Conservation officer Murray Smith called upon Coast residents to be the “eyes and ears” in the forest to ease the capture of illegal dumpers, as dwindling resources can make it a challenge for authorities to investigate.
He estimated that about 30 reports are made per year to the report a poacher polluter (RAPP) hotline, but “sometimes we don’t get to them.
“We’re trying to juggle that with everything else we do,” Smith explained.
He added that the announced departure of fisheries officers from the Coast “isn’t going to help” with regards to the resources available for investigating illegal dumpsites.
Responding to reports has been a task shared by several groups, including the Ministry of Environment, Ministry of Natural Resource Operations and the Sunshine Coast Regional District (SCRD).
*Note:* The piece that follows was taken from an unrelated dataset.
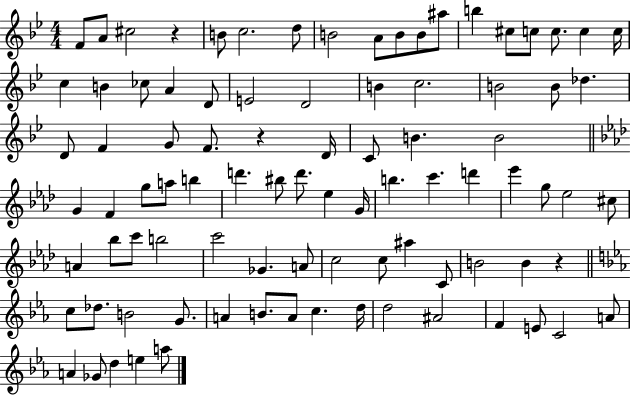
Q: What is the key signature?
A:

As for tracking down the offenders, evidence contained in the piles is often crucial to tracking down the guilty party, as are licence plate numbers.
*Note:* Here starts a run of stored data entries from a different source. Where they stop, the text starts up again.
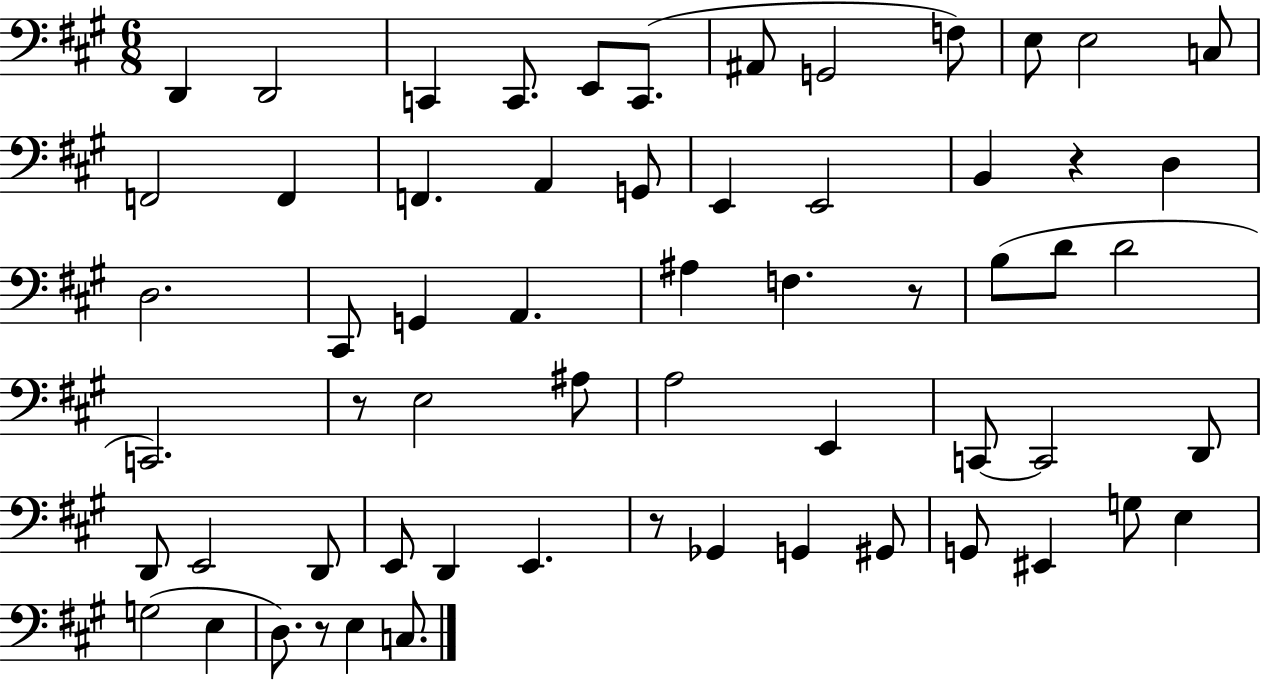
{
  \clef bass
  \numericTimeSignature
  \time 6/8
  \key a \major
  d,4 d,2 | c,4 c,8. e,8 c,8.( | ais,8 g,2 f8) | e8 e2 c8 | \break f,2 f,4 | f,4. a,4 g,8 | e,4 e,2 | b,4 r4 d4 | \break d2. | cis,8 g,4 a,4. | ais4 f4. r8 | b8( d'8 d'2 | \break c,2.) | r8 e2 ais8 | a2 e,4 | c,8~~ c,2 d,8 | \break d,8 e,2 d,8 | e,8 d,4 e,4. | r8 ges,4 g,4 gis,8 | g,8 eis,4 g8 e4 | \break g2( e4 | d8.) r8 e4 c8. | \bar "|."
}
Smith said his office deploys motion-sensitive cameras like those used on game trails to help catch offenders. The cameras are moved around known dumping areas in order to make the best use of resources.
“We just happened to set one up recently and found a violator, up in the mine site,” he said.
Smith said new enforcement surveillance technologies could soon lend a hand in the battle against illegal dumps.
“There’s some really great stuff that can do licence plate reading,” he said.
But for now, authorities still depend on the help of the community at large to identify possible dumpers.
A ticket for illegally dumping household waste in the woods is $115, no matter the weight, but there are other tactics, according to Smith.
A battery, for example, might be considered “hazardous waste,” and a unique charge can “theoretically” be issued for each one found in the pile.
Those caught are often asked to clean up their waste and possibly other dumps in order to avoid fines and time in front of a judge, a form of restorative justice Smith has used in the past.
“Between the group of us, somebody will try to investigate it,” he explained, adding that the option of sending a suspect to court always remains.
Smith asked that residents avoid becoming involved should they suspect illegal activity. The best help is an identification of the violator. Physical descriptions and licence plate numbers work best, he said.
“The next thing is they call the RAPP line and report it. Even if we don’t get to that site and do that investigation that day, it gets put on the SCRD’s mapping system and we know where the chronic dumping locations are,” Smith said.
Volunteers have also played a role in cleaning up illegal dumps.
The SCRD has a Good Samaritan clean-up program. Those who take it upon themselves to help clean up the garbage can have the tipping fees waived, so long as they call the dump ahead of time or provide photographic evidence.